What is expected
A word-for-word copy of the records that follow is needed, with every picture omitted.

Records contained in a dataset
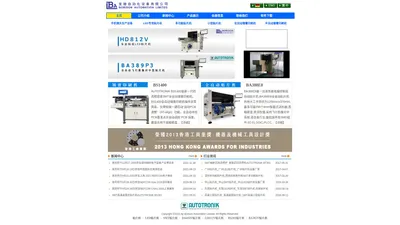 贴片机_LED贴片机_全自动贴片机_SMT设备-宝迪自动化设备有限公司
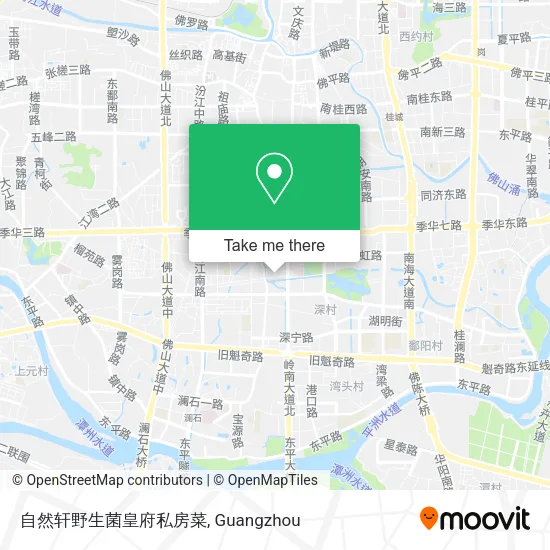 自然轩野生菌皇府私房菜 map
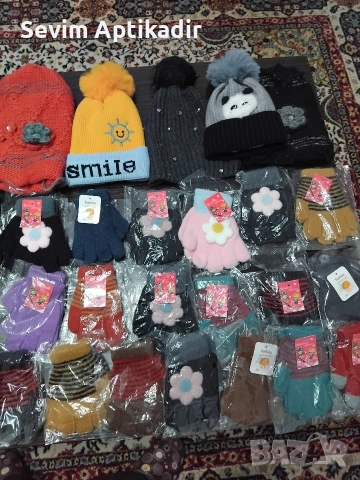 Детски шапки и ръкавици , снимка 7 - Шапки, шалове и ръкавици - 53356881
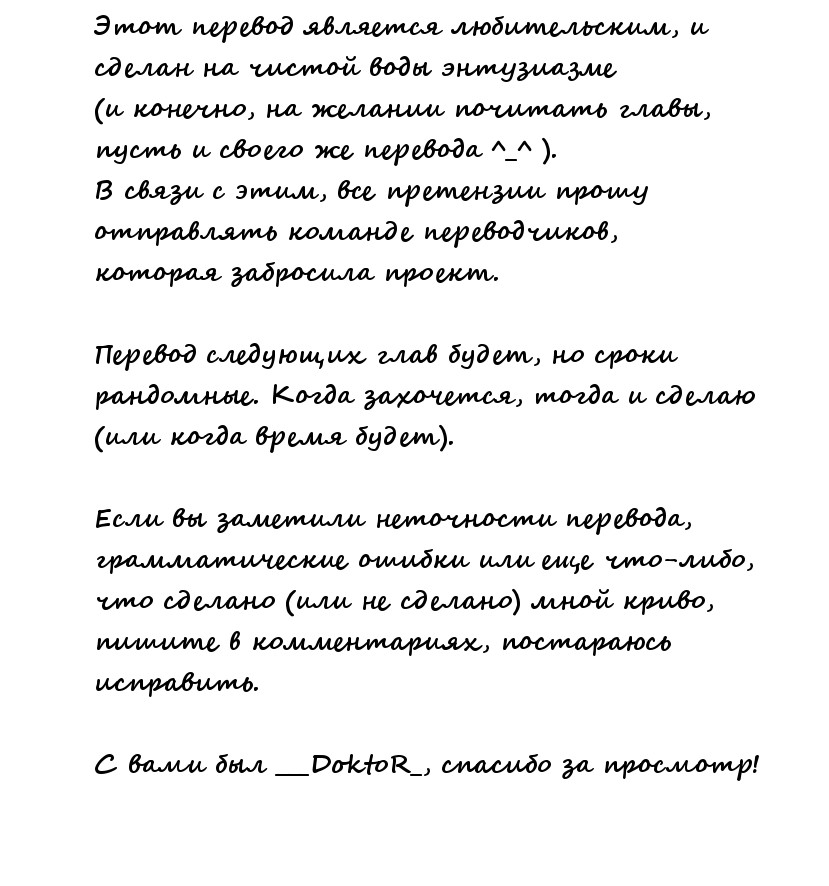 Манга Розовая русалочка - Глава 6 Страница 10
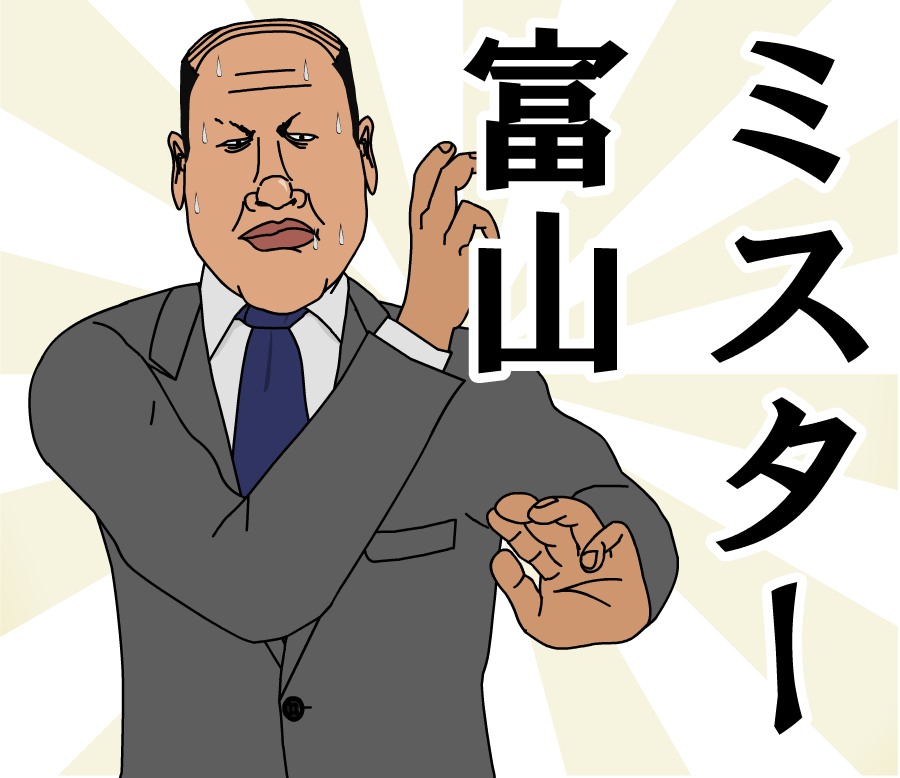 ハードコア富山弁スタンプ！パート2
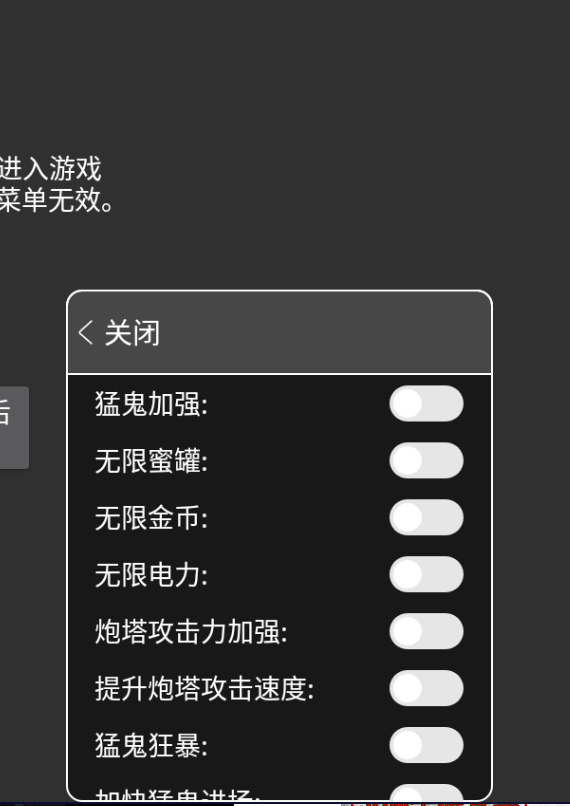 猛鬼宿舍mod菜单功能下载-猛鬼宿舍mod菜单功能猎梦者模式下载v2.5.2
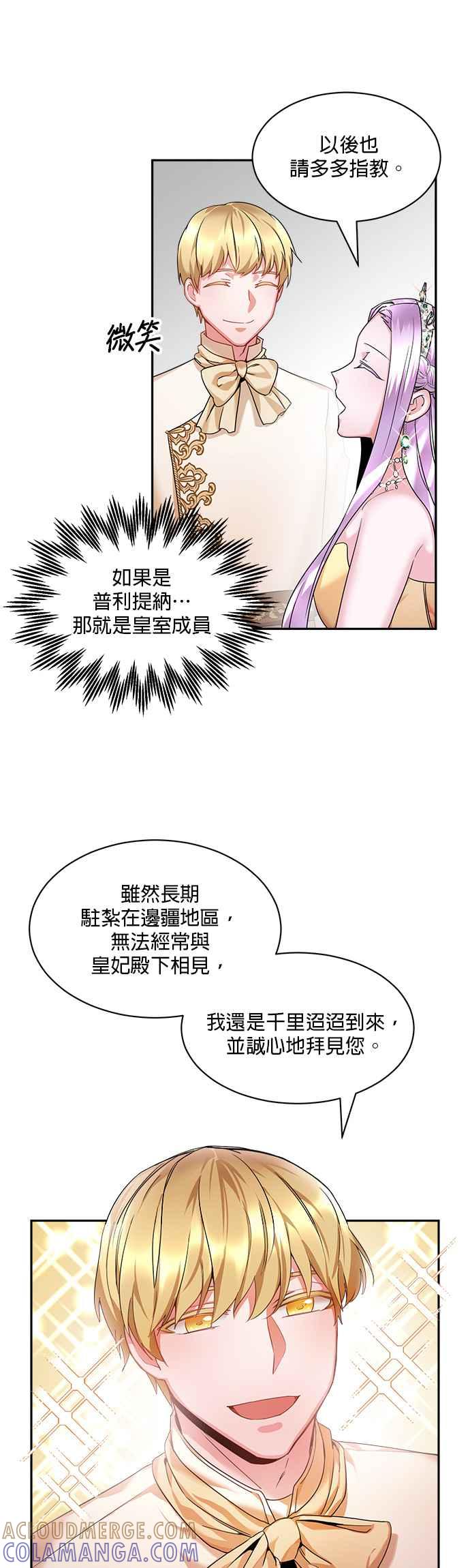《皇妃？皇妃殿下！》第2话 第23页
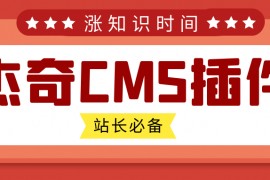 杰奇CMS插件-免费杰奇小说CMS插件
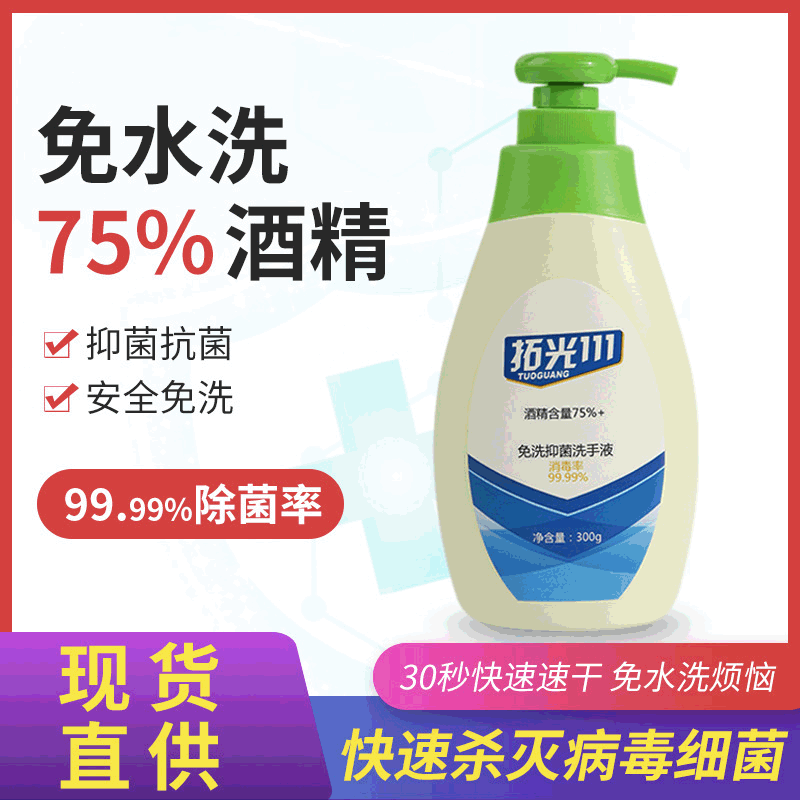 廣州市坤源生物科技有限公司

Result
 贴片机_LED贴片机_全自动贴片机_SMT设备-宝迪自动化设备有限公司
 自然轩野生菌皇府私房菜 map
 Детски шапки и ръкавици , снимка 7 - Шапки, шалове и ръкавици - 53356881
 Манга Розовая русалочка - Глава 6 Страница 10
 ハードコア富山弁スタンプ！パート2
 猛鬼宿舍mod菜单功能下载-猛鬼宿舍mod菜单功能猎梦者模式下载v2.5.2
《皇妃？皇妃殿下！》第2话 第23页
 杰奇CMS插件-免费杰奇小说CMS插件
 廣州市坤源生物科技有限公司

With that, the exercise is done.